Task - Reproduce every record verbatim but drop the pictures.
>>>
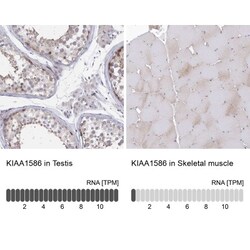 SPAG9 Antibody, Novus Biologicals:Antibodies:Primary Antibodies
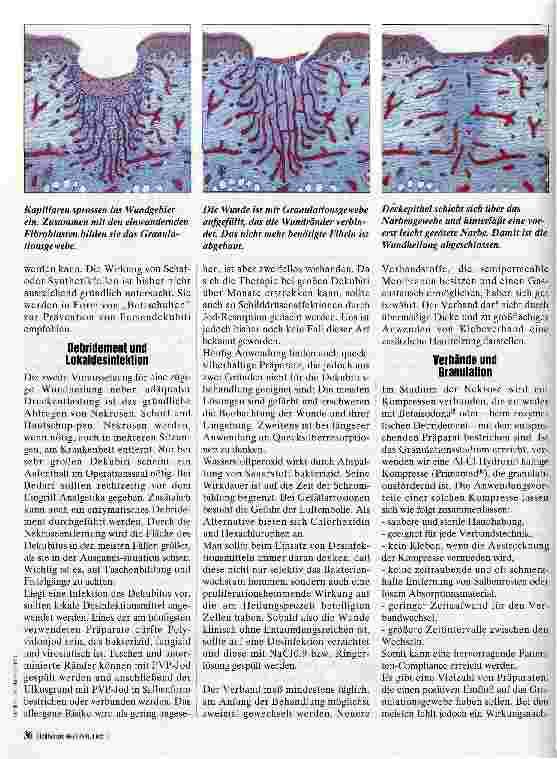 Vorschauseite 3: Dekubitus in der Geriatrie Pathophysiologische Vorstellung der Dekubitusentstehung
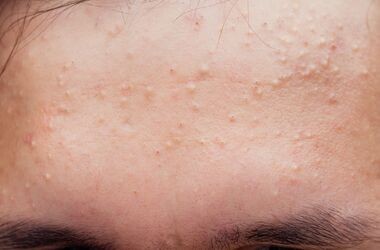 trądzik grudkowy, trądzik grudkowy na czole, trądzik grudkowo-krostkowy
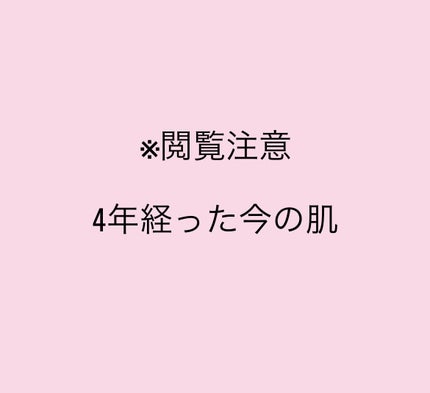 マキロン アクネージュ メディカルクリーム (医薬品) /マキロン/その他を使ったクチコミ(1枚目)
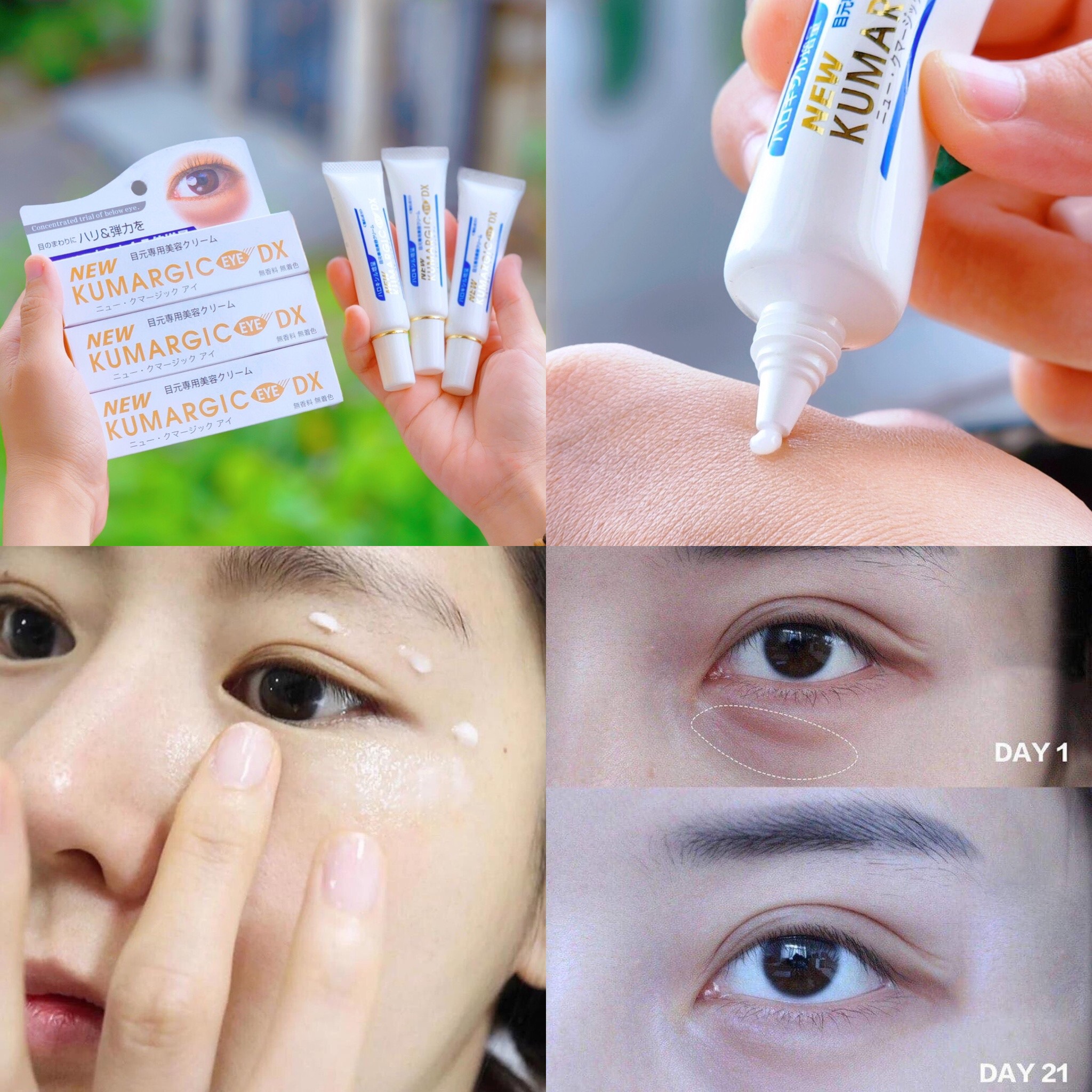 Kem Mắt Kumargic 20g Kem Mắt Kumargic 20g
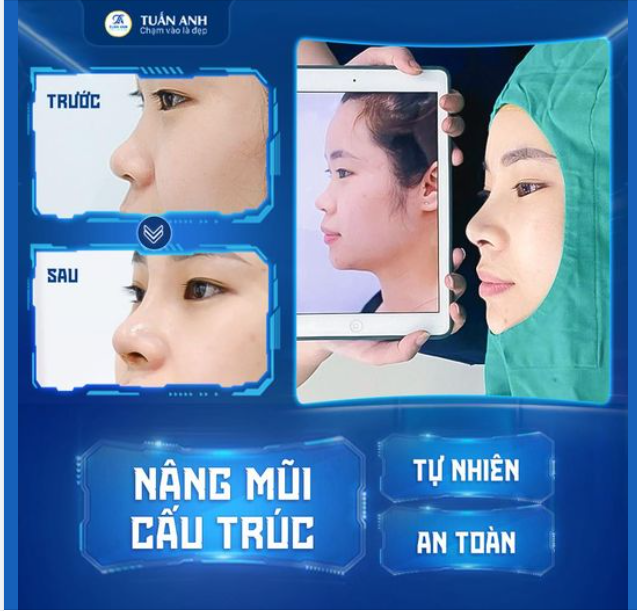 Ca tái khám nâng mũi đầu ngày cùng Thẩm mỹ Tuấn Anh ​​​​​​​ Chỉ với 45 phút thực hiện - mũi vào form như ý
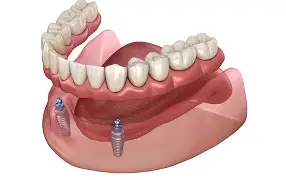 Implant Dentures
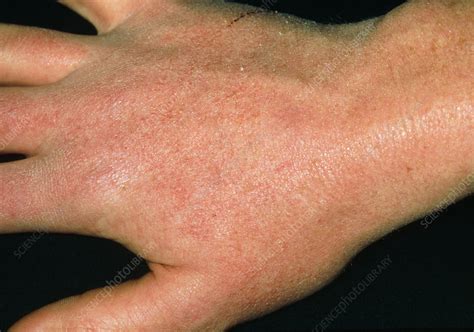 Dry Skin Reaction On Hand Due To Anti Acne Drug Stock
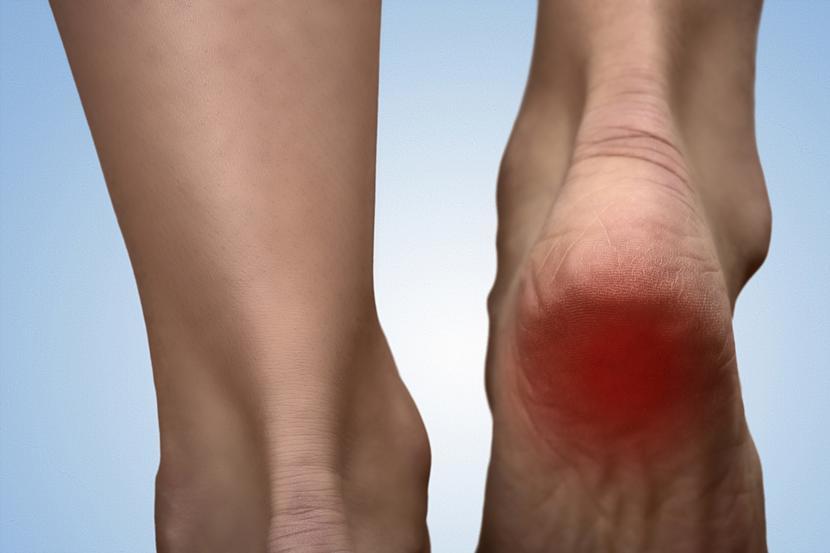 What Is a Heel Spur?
<<<
Response area -
 SPAG9 Antibody, Novus Biologicals:Antibodies:Primary Antibodies
 Vorschauseite 3: Dekubitus in der Geriatrie Pathophysiologische Vorstellung der Dekubitusentstehung
 trądzik grudkowy, trądzik grudkowy na czole, trądzik grudkowo-krostkowy
 マキロン アクネージュ メディカルクリーム (医薬品) /マキロン/その他を使ったクチコミ(1枚目)
 Kem Mắt Kumargic 20g Kem Mắt Kumargic 20g
 Ca tái khám nâng mũi đầu ngày cùng Thẩm mỹ Tuấn Anh ​​​​​​​ Chỉ với 45 phút thực hiện - mũi vào form như ý
 Implant Dentures
 Dry Skin Reaction On Hand Due To Anti Acne Drug Stock
 What Is a Heel Spur?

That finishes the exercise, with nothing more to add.